この力強いエネルギーは、コレクションのメインとなるパワーショルダースーツに投影されている。華奢なモデルの体には似つかわしないほど広い肩幅のジャケットは、上着と共布のベストとマッチ。おもちゃや宝石、コインのようなパーツをじゃらじゃらとつけたり、刺繍を施したりして、デコラティブに仕上げている。
華やいだ様子は、貿易が盛んであった、かつてのヴェネチアをイメージしているのだろうか。序盤に登場した毛羽立った生地、色褪せたカラーリング、ほつれたような裾がみせる雰囲気とは一変。ショーが進むほどに、ゴールドなどの華やいだ色彩が多く使用されている。一枚布をまきつけひねったようなドレス、金刺繍を全面にあしらったガウン、スパンコールを縫い付けたワンピースなどは、ほころびのある洋服と対峙させることで、より輝きが増している。

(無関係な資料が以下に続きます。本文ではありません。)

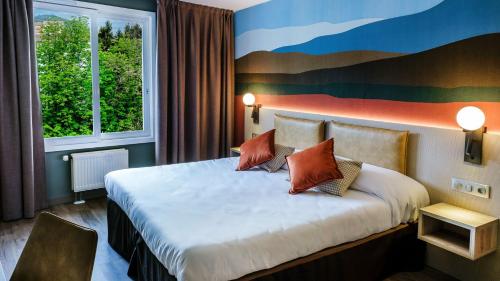 卢尔德清静酒店的酒店客房设有一张床,墙上挂有绘画作品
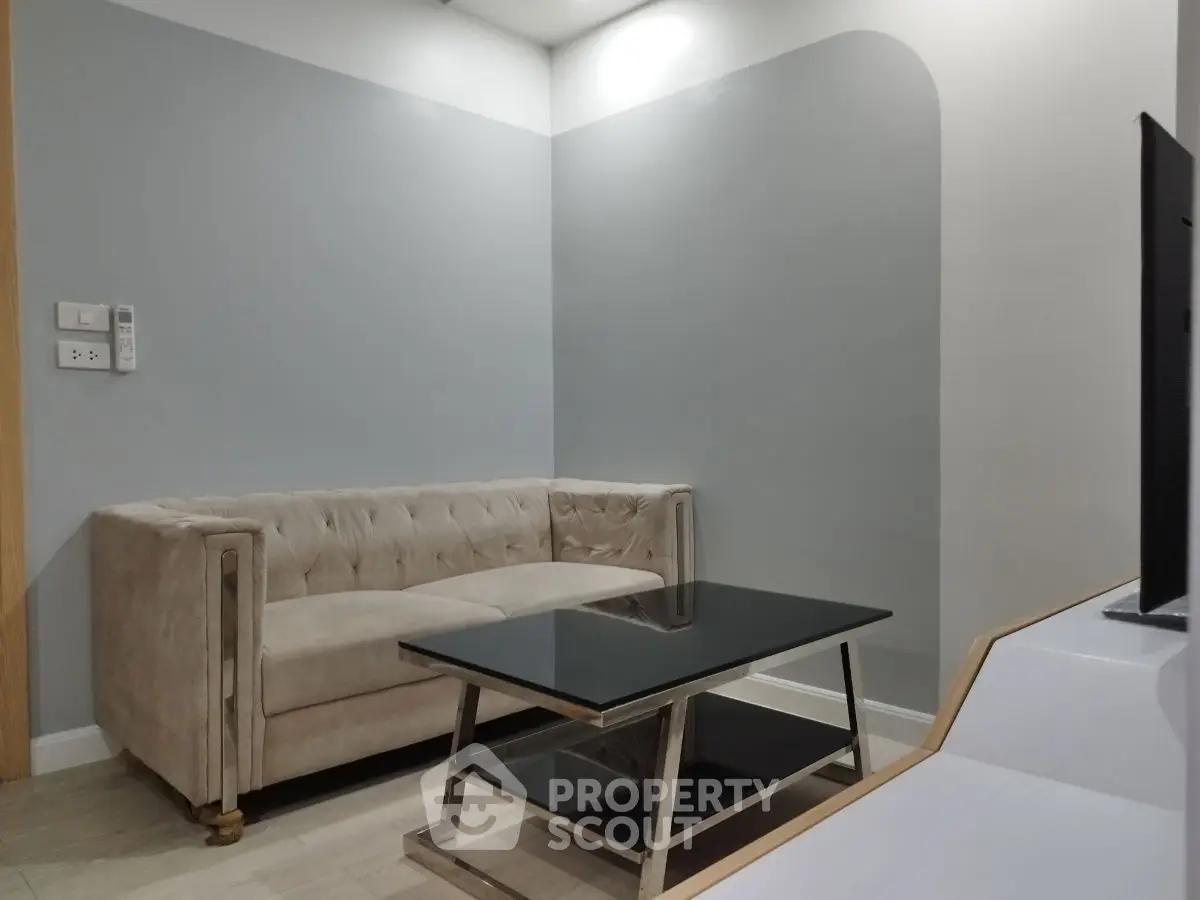 Modern living room with elegant sofa and sleek glass coffee table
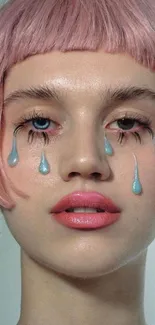 Portrait with pink hair and blue tear-like makeup drops.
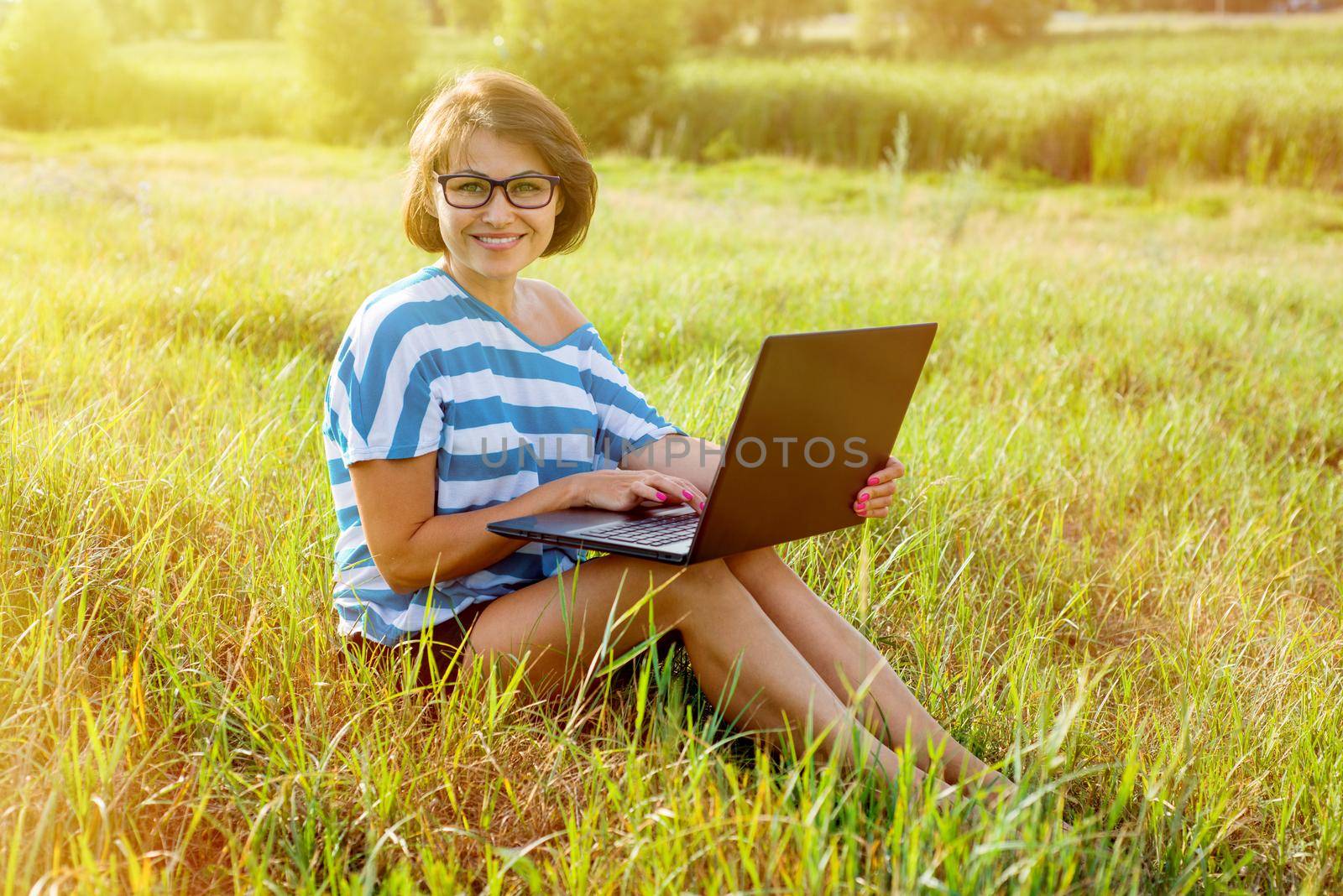 Beautiful woman with a laptop. Smiling at the camera. The picture was taken in the park.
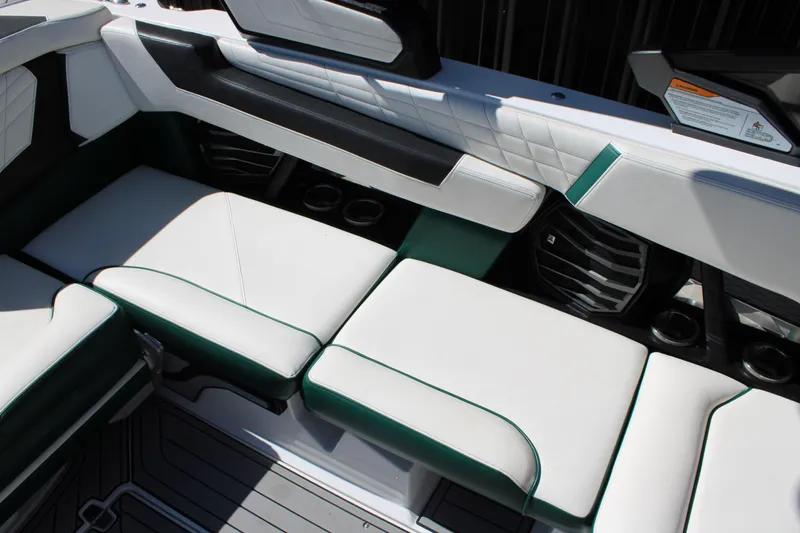Slide: The Image of 2021 Nautique Super Air Nautique G21 interior seating with white and green upholstery. - 21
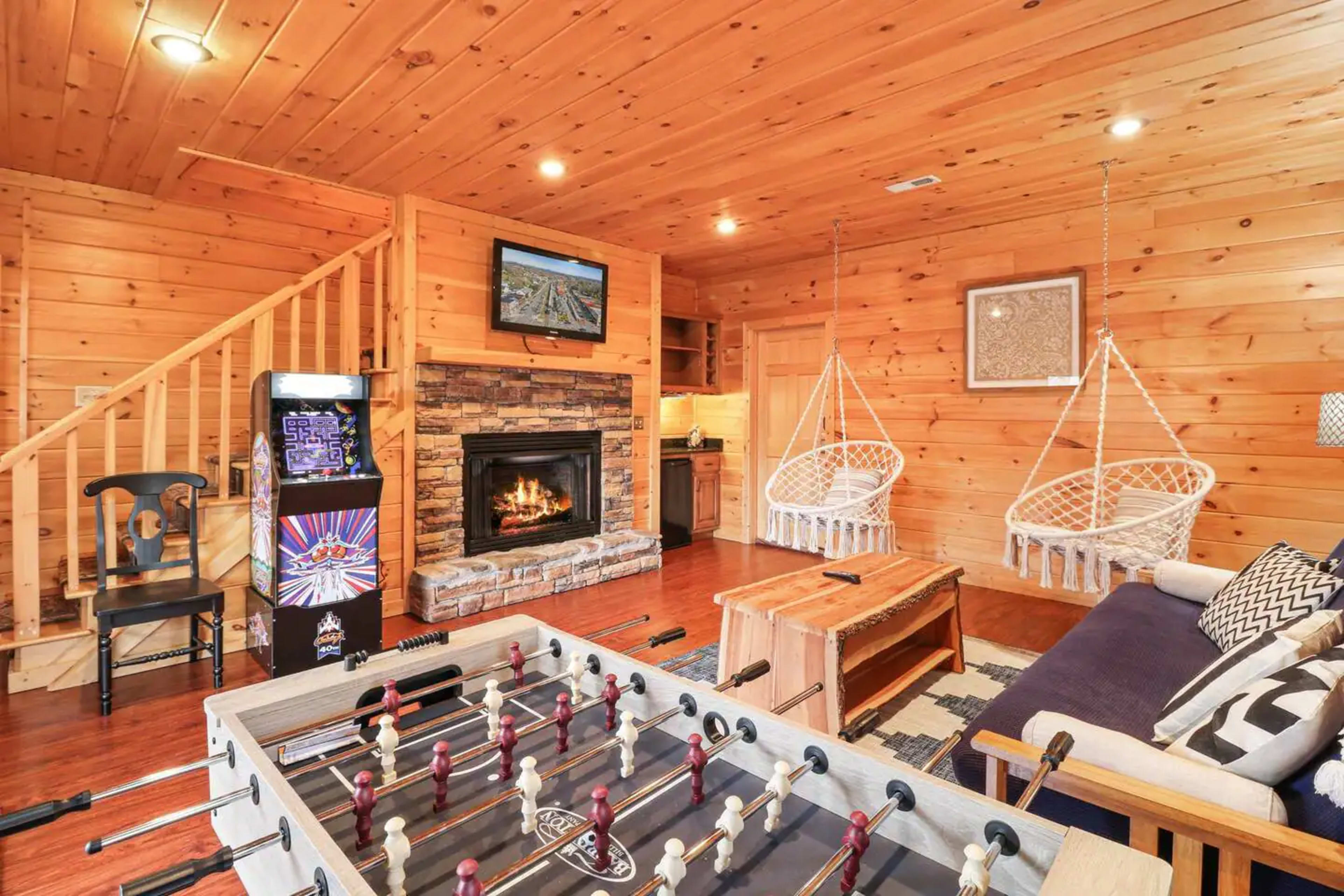 The room features a wooden interior with a foosball table in the foreground, a stone fireplace, two hanging chairs, and stairs leading to an upper level.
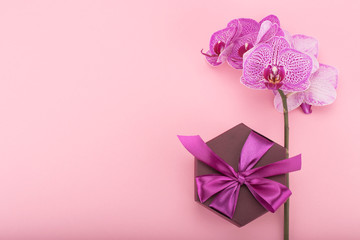 Pink orchid flowers and hexagonal gift box with bow. Flat layout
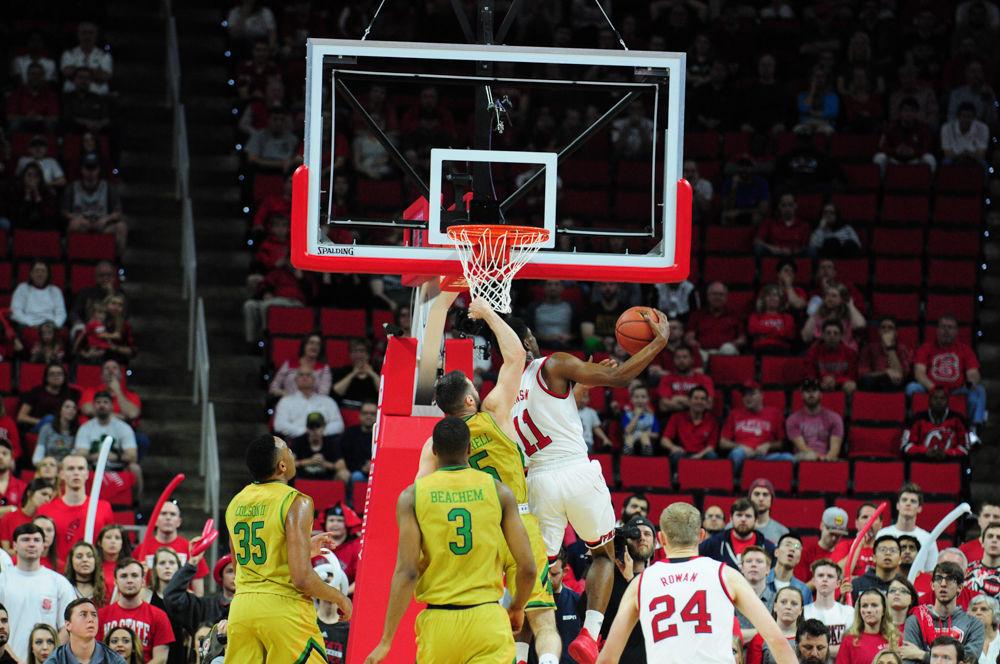 Wolfpack freshman, Markell Johnson, makes a reverse layup agianst Junior Matt Farrell of Notre Dame. Markell finished the game with 12 points and 5 assists in Saturday's contest.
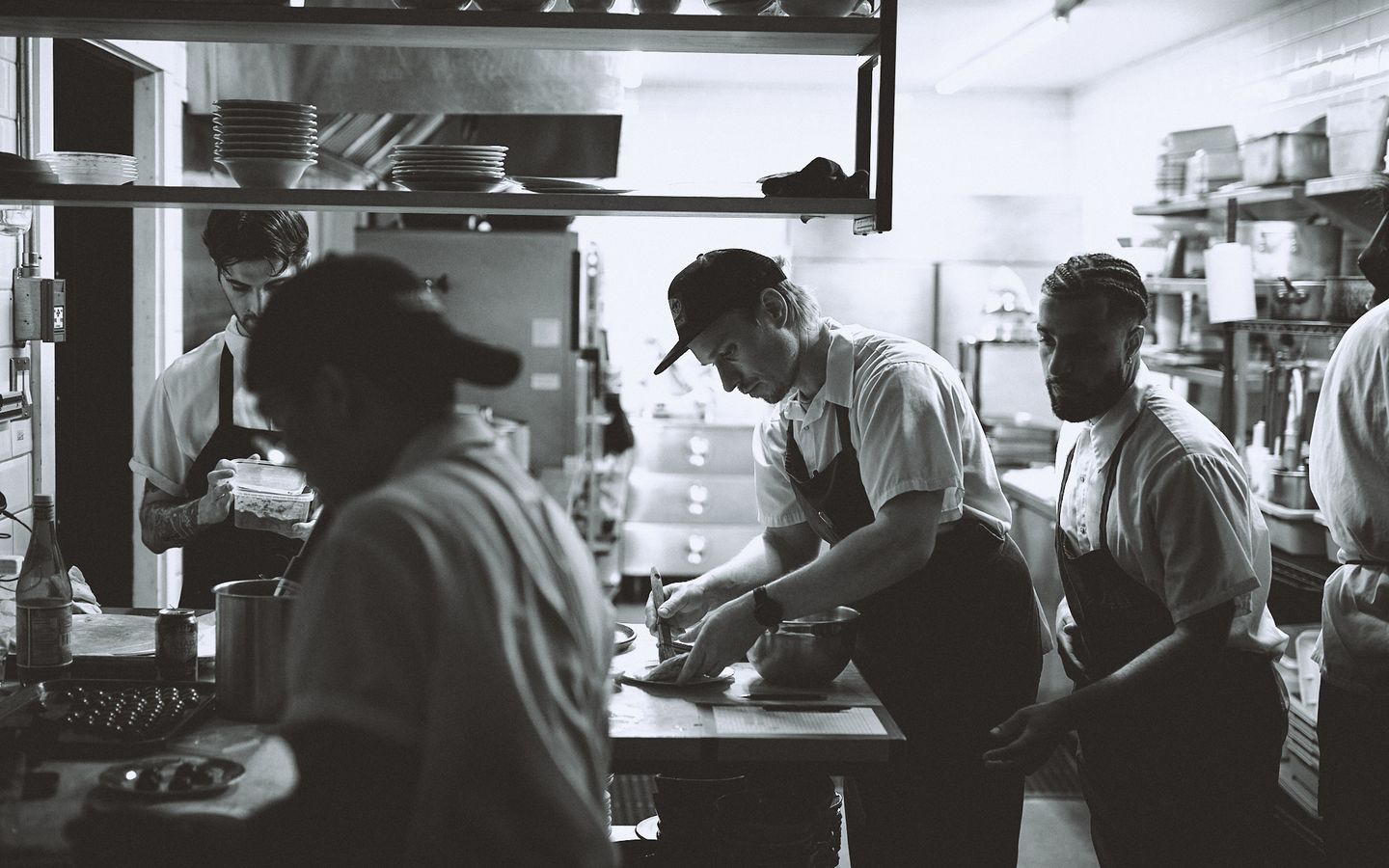 Kitchen cooks working at Espace Old Mill farm-to-table restaurant.
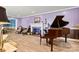 Stylish living room featuring a grand piano, fireplace, and hardwood floors, perfect for entertaining at 312 Rumple St, Troutman, NC 28166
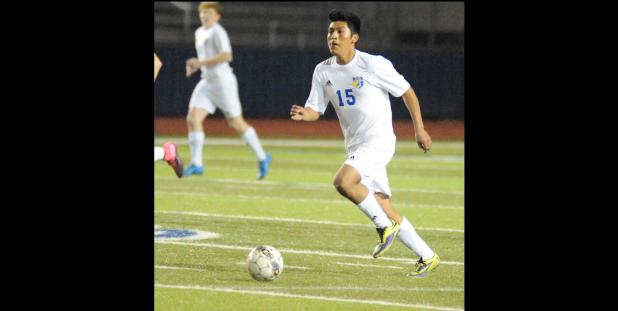 CCLP/LEE LETZER - Cove’s Jose Chavez drives down field during the Bulldawgs’ 4-1 win over Shoemaker last Friday. Chavez scored two goals in the win. The Bulldawgs host Killeen to open the second half of district action tonight at 7:30 p.m.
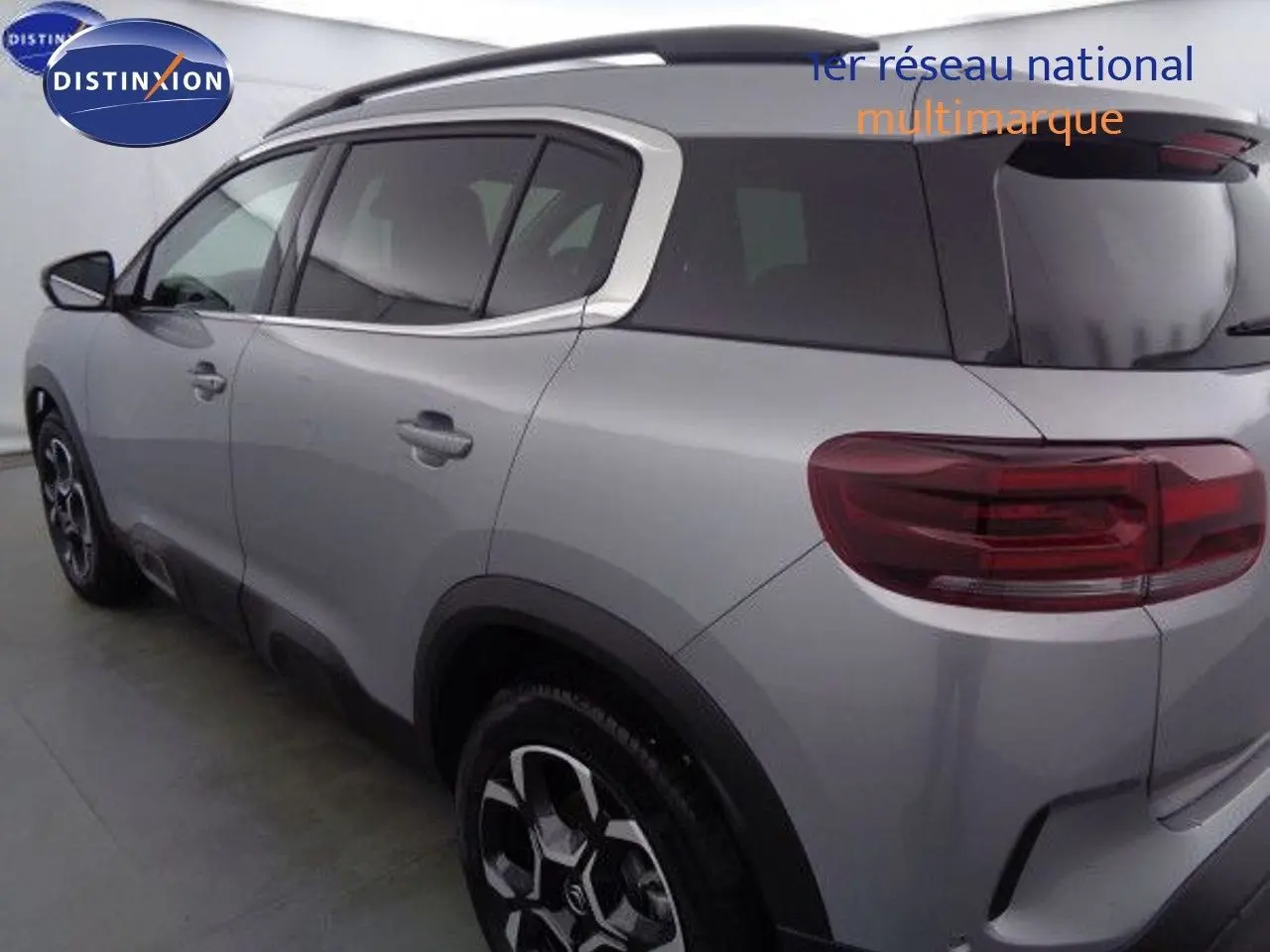 Vue 3/4 arrière gauche d'un Citroën C5 Aircross gris Artense métal avec toit noir et jantes bicolores.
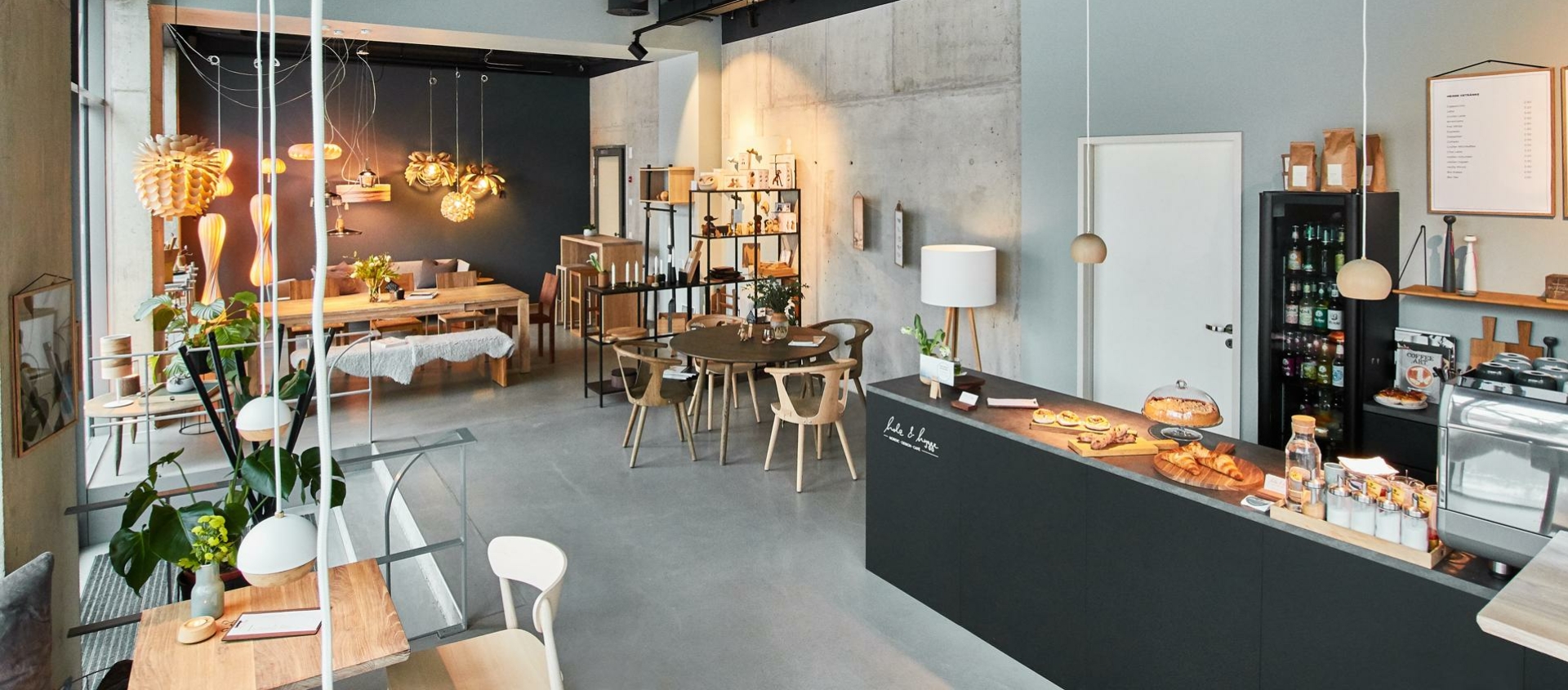 Moderner Caféinnenraum mit Holzstühlen, Tischen, schwarzer Theke mit Gebäck, Regalen mit Produkten und hängenden Lampen in einem Raum mit Sichtbetonwänden und sichtbaren Lüftungsrohren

硬くハリ感のあるドレスとオーガンザを合わせたしなやかなドレス。タイトフィットなワンピースと一部分をデフォルメしたようなキャミドレス。相反するもの同士が会話を鳴り響かせ、ヴェネチアへ強いエールを送るショーではあるが、終盤にかけては、イヤリングやドレスを纏った男性モデルが登場。やはりジェンダー問題は、ヴィヴィアン・ウエストウッドの心を掴んでいる切実なメッセージであるようだ。